The default (sklearn.utils.metadata_routing.UNCHANGED) retains the existing request. This allows you to change the request for some parameters and not others.

Added in version 1.3.

Note

This method is only relevant if this estimator is used as a sub-estimator of a meta-estimator, e.g. used inside a Pipeline. Otherwise it has no effect.

Parameters:
xstr, True, False, or None, default=sklearn.utils.metadata_routing.UNCHANGED

Metadata routing for x parameter in predict.

Returns:
selfobject

The updated object.

set_score_request(*, sample_weight: bool | None | str = '$UNCHANGED$') ZeroRRegressor#

Request metadata passed to the score method.

Note that this method is only relevant if enable_metadata_routing=True (see sklearn.set_config()). Please see User Guide on how the routing mechanism works.

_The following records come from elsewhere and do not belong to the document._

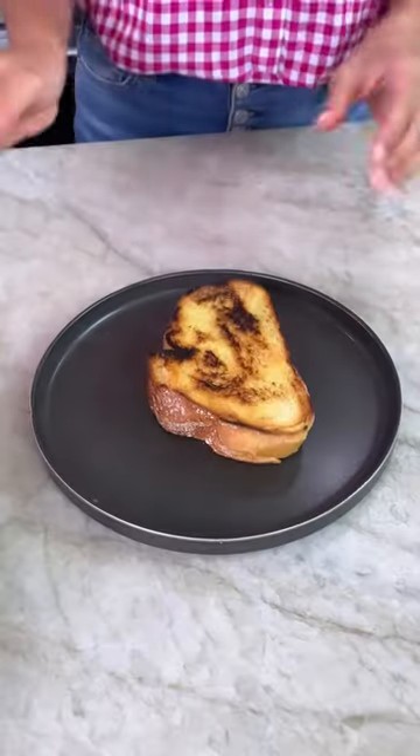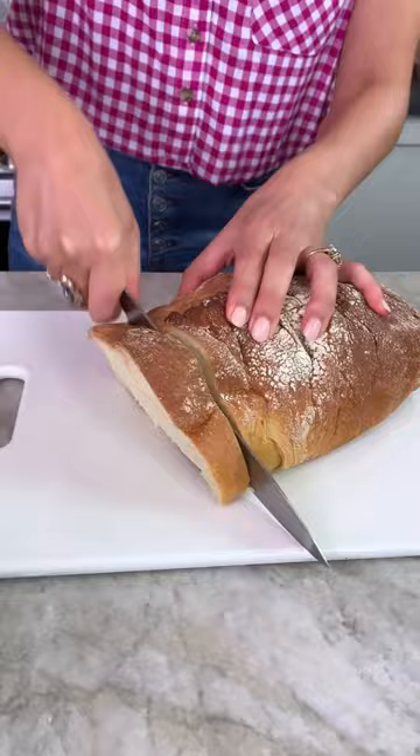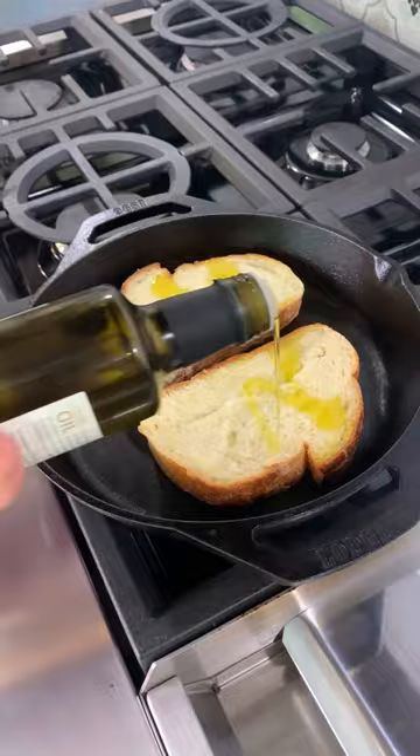If someone dared me to make a Mediterranean meal in less than 10 minutes using pantry staples, I'd probably make these smashed chickpea toasts. These are so easy to make but also delicious and satisfying, and they work for breakfast, lunch, or dinner — whatever you feel like.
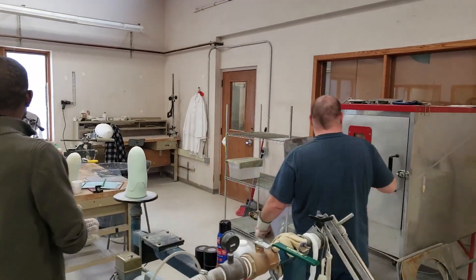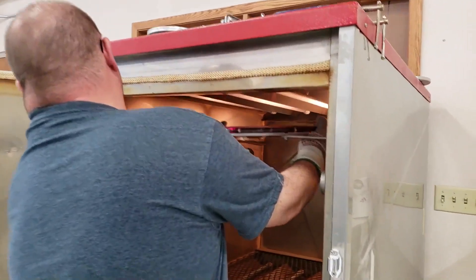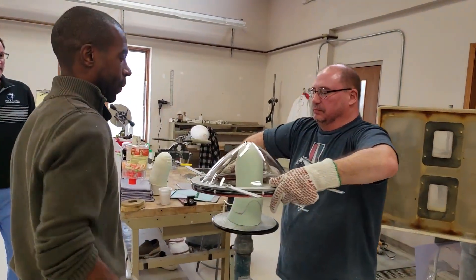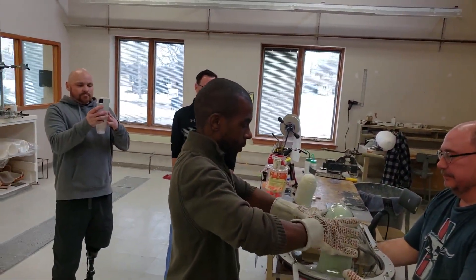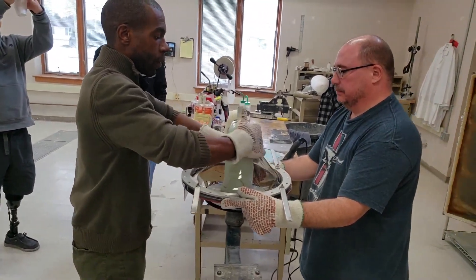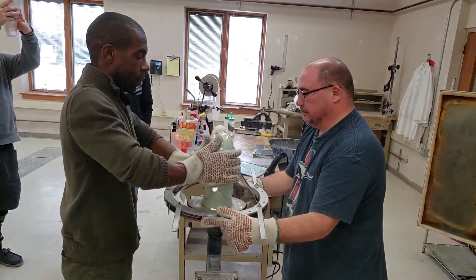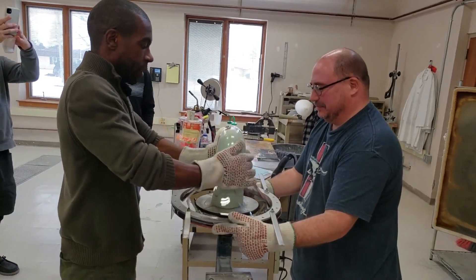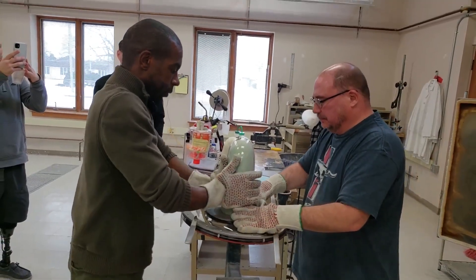Once the model is carved, it's moved to the technical room where the technicians heat up a sheet of plastic so it forms a bubble, invert the bubble over the mold, and gently manipulate the plastic down the model before engaging a vacuum. The vacuum pulls the plastic to the foam model in an airtight fashion, ensuring the exact shape created via our digital modification is captured in our first usable diagnostic prosthetic socket.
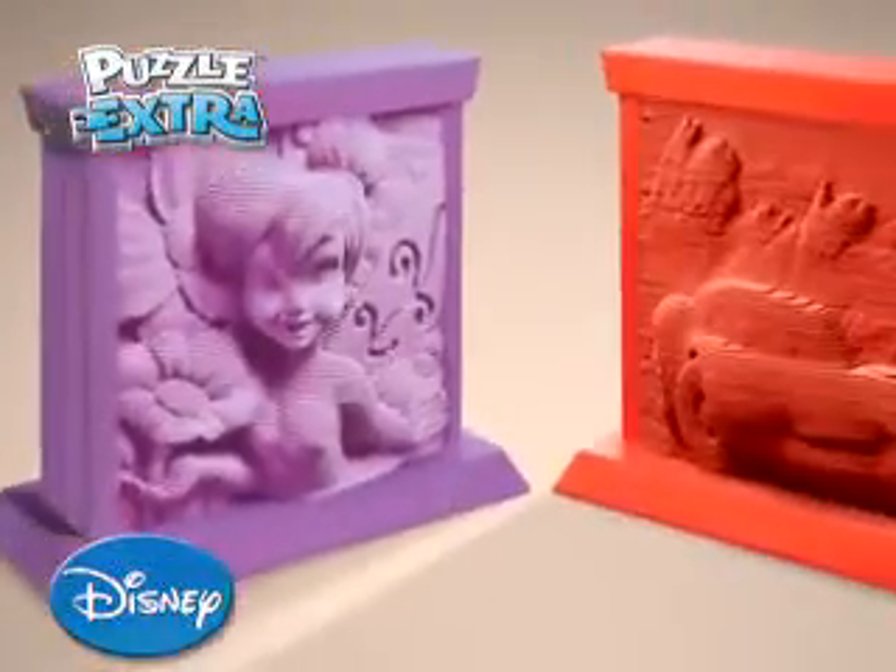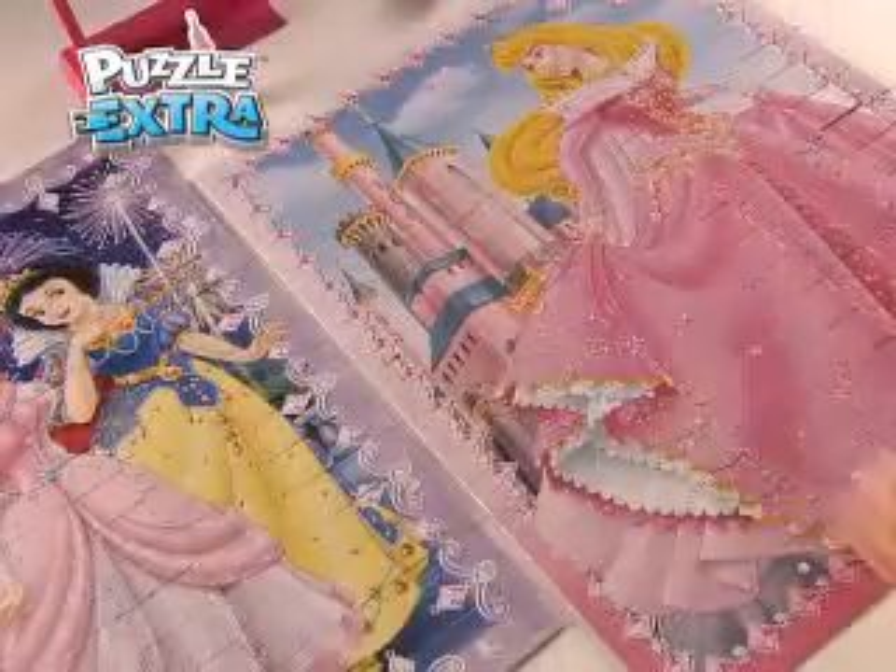You can paint and even display. Puzzle Extra, made in 2D, displayed in 3D.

The options for each parameter are:

  • True: metadata is requested, and passed to score if provided. The request is ignored if metadata is not provided.

  • False: metadata is not requested and the meta-estimator will not pass it to score.

  • None: metadata is not requested, and the meta-estimator will raise an error if the user provides it.

  • str: metadata should be passed to the meta-estimator with this given alias instead of the original name.

The default (sklearn.utils.metadata_routing.UNCHANGED) retains the existing request. This allows you to change the request for some parameters and not others.

Added in version 1.3.

Note

This method is only relevant if this estimator is used as a sub-estimator of a meta-estimator, e.g. used inside a Pipeline. Otherwise it has no effect.

Parameters:
sample_weightstr, True, False, or None, default=sklearn.utils.metadata_routing.UNCHANGED

Metadata routing for sample_weight parameter in score.

Returns:
selfobject

The updated object.

set_sklearn_tags(tags)#

Sets scikit-learn tags for the supervised nominal model.

Parameters:
tagsTags

The scikit-learn tags object to be modified.

validate_data_fit_regression(x, y)#

Validates and prepares data for regression fitting.

This method ensures x and y are compatible, extracts data types, and packages them into a backend Dataset. It also ensures the target y is at least 2D for backend consistency.

Parameters:
xarray-like of shape (n_samples, n_features)

The input features.

yarray-like of shape (n_samples,) or (n_samples, n_outputs)

The target values.

Returns:
Dataset

The backend-specific dataset object.

Return type:

Dataset

validate_data_predict(x)#

Validates and prepares input data for prediction.

This method ensures the input features match the structure seen during training, handles feature name alignment, and restores data types.

Parameters:
xarray-like of shape (n_samples, n_features)

The input data to validate.

Returns:
pd.DataFrame

The validated data as a pandas DataFrame, with dtypes restored to match those observed during training.

Raises:
NotFittedError

If the model has not been fitted yet.

ValueError

If the input contains no samples or has inconsistent features.